Lord Jesu, I look to Thee, knowing nothing, but relying on Thy most sure word. Ever let me remember my ignorance that I may lay hold upon Thy word, and interpret Thy word not according to the dulness of my intellect, but the growing illumination of Thine own Divine truth who art the speaker, and speakest of Thyself to Thine elect in ways which

human reason cannot know.

2. THE RESPONSE OF GRACE.

Thomas seems to have spoken in no rebellious spirit, but in the eagerness of his nature, over-confident in his anticipations of what Christ would do. God was pleased to meet him as he asked.

We must never expect God to give us plainer demonstrations of His truth than He has given, if we refuse what ought to suffice. St. Thomas desired the same manifestation to himself which had been given to the others. He might well be assured that our Lord would not treat him in any inferior way.

Such a claim being made by him does not justify us in thinking that God ought to deal with us in any special ways of our own determination.
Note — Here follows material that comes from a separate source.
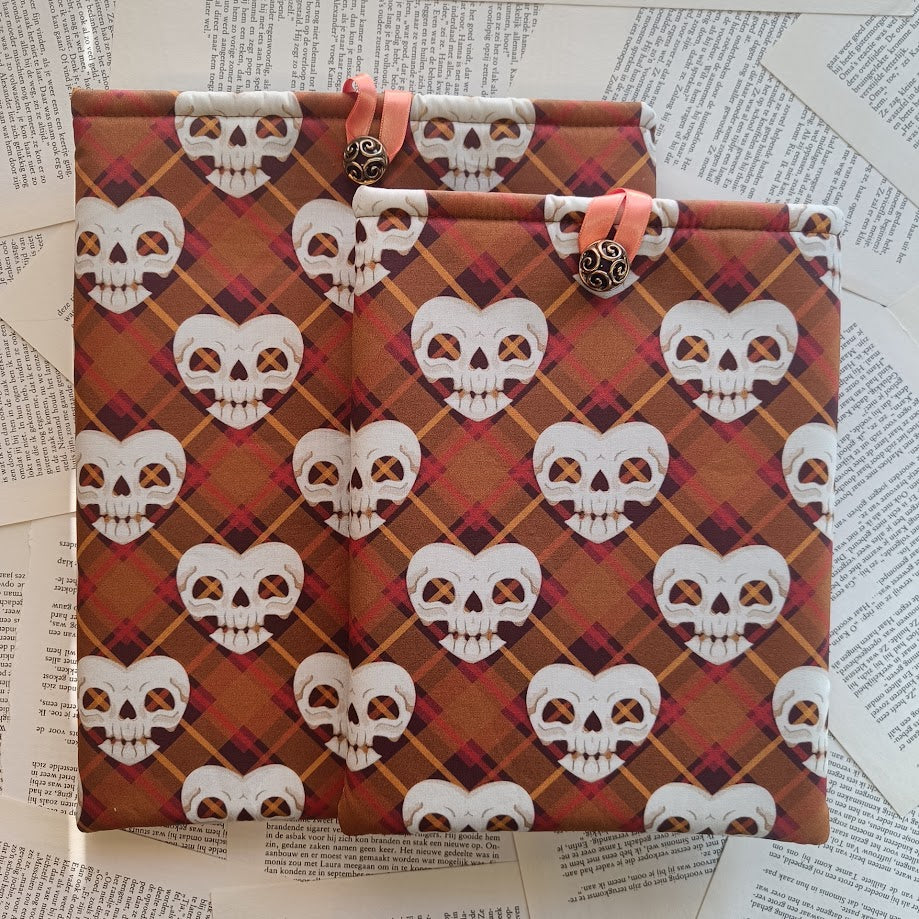 Tartan booksleeve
St. Thomas was upon a level with the other Apostles, and there was no reason why he should receive the truth of Christ at second hand. They had received no authority different from his own, and he was entitled to as full a gift of revelation as the rest. He was not seeking any special proofs beyond what the others had received, but he claimed the same intellectual experiences as had been vouchsafed to the others.

He put forward his claim, not so much in doubt of God's power as in reliance upon His love. This was a holy boldness, even though there was not wanting an element of faulty self-will.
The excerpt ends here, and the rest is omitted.